Poseł PiS wyrzucony z obrad komisji. Doszło do spięcia
Przed komisją śledczą ds. afery wizowej zeznaje były wiceminister spraw wewnętrznych i administracji Maciej Wąsik. Kiedy Michał Szczerba chciał pytać o sprawę Pegasusa, poseł PiS Andrzej Śliwka podniósł sprzeciw. Został za to wykluczony z obrad.
Sejmowa komisja śledcza do spraw tzw. afery wizowej bada nadużycia, zaniedbania i zaniechania w zakresie legalizacji pobytu cudzoziemców w Polsce w okresie od 12 listopada 2019 r. do 20 listopada 2023 r. Podczas wtorkowego posiedzenia przesłuchiwany jest były wiceszef MSWiA Maciej Wąsik.
Przewodniczący komisji Michał Szczerba w pewnej chwili postanowił zapytać Wąsika o aferę Pegasusa, twierdząc, że "nie ma znaczenia, która to jest komisja". - Nie no, nie żartujmy sobie - zareagował obecny na obradach poseł PiS Andrzej Śliwka.
- Panie pośle Śliwka, przywołuję pana do porządku - powiedział Szczerba. Następnie poinformował o podjęciu decyzji o wykluczeniu go z posiedzenia komisji. - Kompromituje się pan raz za razem, panie Szczerba - powiedział Andrzej Śliwka.
Dalsza część artykułu pod materiałem wideo
Zobacz też: Komisja ds. wpływów? Zalewski: Trudno mi sobie wyobrazić jej sensowność
Wykluczony Śliwka zarzucił Szczerbie, że łamie zasady pracy komisji, na które się zgodzi. Wskazywał, że szef komisji wielokrotnie przedłużał czas zadawania pytań świadkom, a także że prowadził "polityczną publicystykę" podczas obrad.

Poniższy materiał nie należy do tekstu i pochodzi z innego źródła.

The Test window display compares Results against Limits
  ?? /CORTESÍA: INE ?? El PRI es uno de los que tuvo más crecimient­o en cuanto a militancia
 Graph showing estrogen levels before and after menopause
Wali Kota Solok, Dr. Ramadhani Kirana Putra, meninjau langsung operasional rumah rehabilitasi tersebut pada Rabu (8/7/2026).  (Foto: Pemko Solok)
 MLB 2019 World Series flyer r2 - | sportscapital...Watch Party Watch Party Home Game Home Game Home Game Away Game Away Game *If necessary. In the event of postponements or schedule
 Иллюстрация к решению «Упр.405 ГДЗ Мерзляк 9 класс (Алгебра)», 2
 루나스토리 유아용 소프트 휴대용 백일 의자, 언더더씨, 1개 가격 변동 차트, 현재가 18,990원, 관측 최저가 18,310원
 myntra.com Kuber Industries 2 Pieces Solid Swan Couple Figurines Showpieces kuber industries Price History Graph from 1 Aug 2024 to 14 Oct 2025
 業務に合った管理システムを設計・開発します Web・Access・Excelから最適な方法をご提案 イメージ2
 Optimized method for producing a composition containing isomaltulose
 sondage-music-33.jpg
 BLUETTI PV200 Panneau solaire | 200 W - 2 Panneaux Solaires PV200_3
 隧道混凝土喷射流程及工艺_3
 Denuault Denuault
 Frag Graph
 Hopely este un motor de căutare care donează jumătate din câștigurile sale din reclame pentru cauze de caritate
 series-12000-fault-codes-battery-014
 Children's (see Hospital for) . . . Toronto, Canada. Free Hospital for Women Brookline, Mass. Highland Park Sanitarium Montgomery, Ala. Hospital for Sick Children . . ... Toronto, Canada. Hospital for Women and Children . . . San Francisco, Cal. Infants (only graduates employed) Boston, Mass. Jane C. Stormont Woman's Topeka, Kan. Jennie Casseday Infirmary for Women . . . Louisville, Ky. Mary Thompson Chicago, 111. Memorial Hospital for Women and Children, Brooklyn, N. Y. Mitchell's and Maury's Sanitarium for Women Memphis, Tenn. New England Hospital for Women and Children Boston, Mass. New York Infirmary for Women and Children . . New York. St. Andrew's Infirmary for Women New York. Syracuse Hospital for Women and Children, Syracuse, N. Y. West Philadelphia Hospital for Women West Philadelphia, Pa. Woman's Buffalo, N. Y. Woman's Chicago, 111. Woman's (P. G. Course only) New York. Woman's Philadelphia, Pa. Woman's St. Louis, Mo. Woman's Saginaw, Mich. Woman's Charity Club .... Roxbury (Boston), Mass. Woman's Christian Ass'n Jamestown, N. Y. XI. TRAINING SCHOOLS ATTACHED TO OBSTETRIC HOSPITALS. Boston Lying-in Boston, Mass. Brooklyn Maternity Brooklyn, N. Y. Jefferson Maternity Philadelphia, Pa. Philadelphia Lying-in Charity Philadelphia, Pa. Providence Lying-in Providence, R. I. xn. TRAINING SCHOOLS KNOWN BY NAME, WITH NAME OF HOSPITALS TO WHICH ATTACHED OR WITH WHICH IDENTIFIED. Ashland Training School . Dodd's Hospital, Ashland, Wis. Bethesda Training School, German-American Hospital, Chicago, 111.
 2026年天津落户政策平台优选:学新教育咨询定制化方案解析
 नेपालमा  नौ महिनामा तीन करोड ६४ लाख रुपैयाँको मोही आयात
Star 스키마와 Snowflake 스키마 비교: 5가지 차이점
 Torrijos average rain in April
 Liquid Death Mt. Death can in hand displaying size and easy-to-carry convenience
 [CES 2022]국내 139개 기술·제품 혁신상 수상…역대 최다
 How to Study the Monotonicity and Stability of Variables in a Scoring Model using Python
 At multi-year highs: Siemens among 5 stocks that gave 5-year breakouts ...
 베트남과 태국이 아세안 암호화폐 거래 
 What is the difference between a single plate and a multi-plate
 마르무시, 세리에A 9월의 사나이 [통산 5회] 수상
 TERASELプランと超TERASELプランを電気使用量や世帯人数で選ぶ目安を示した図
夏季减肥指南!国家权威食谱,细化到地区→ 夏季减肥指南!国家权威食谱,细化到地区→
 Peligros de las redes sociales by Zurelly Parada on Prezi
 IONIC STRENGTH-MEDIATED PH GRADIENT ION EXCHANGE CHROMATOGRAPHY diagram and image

Spięcie na komisji z Wąsikiem
Już na samym początku obrad komisji ds. afery wizowej doszło do spięcia z udziałem Macieja Wąsika. Były wiceminister spraw wewnętrznych i administracji oświadczył, że mimo wygaszenia jego mandatu nadal jest posłem.
Następnie polityk Prawa i Sprawiedliwości wstał i przekazał przewodniczącemu komisji postanowienie Izby Kontroli Nadzwyczajnej i Spraw Publicznych Sądu Najwyższego w sprawie jego mandatu poselskiego.
- Pan poseł Marek Sowa w tej chwili sprawdził na stronie sejmowej i nie figuruje pan jako poseł - oznajmił Michał Szczerba, kierując swoje słowa do Wąsika. Polityk PiS natychmiast zareagował. - To nie informatycy czy pan marszałek decydują o tym, kto jest posłem, a kto nie, tylko Sąd Najwyższy - stwierdził Wąsik.